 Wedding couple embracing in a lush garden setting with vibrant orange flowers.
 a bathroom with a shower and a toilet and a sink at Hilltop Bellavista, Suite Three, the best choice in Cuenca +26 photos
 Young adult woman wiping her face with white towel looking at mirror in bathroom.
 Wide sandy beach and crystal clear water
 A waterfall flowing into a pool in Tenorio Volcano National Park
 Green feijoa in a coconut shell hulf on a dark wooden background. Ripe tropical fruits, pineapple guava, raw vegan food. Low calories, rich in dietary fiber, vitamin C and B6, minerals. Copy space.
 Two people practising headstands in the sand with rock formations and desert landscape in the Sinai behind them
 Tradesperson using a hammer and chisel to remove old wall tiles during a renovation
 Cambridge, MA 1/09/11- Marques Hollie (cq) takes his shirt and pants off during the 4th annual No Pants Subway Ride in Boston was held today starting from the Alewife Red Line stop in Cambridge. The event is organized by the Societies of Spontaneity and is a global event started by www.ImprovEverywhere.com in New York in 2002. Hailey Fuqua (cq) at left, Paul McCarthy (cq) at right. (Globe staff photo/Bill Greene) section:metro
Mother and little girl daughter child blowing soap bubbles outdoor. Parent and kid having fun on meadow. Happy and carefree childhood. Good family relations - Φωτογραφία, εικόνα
━━━━
* Problem details
Beginning with the opening line above, retype the records exactly through the line with "Young adult woman", both ends included.

* Result
 Wedding couple embracing in a lush garden setting with vibrant orange flowers.
 a bathroom with a shower and a toilet and a sink at Hilltop Bellavista, Suite Three, the best choice in Cuenca +26 photos
 Young adult woman wiping her face with white towel looking at mirror in bathroom.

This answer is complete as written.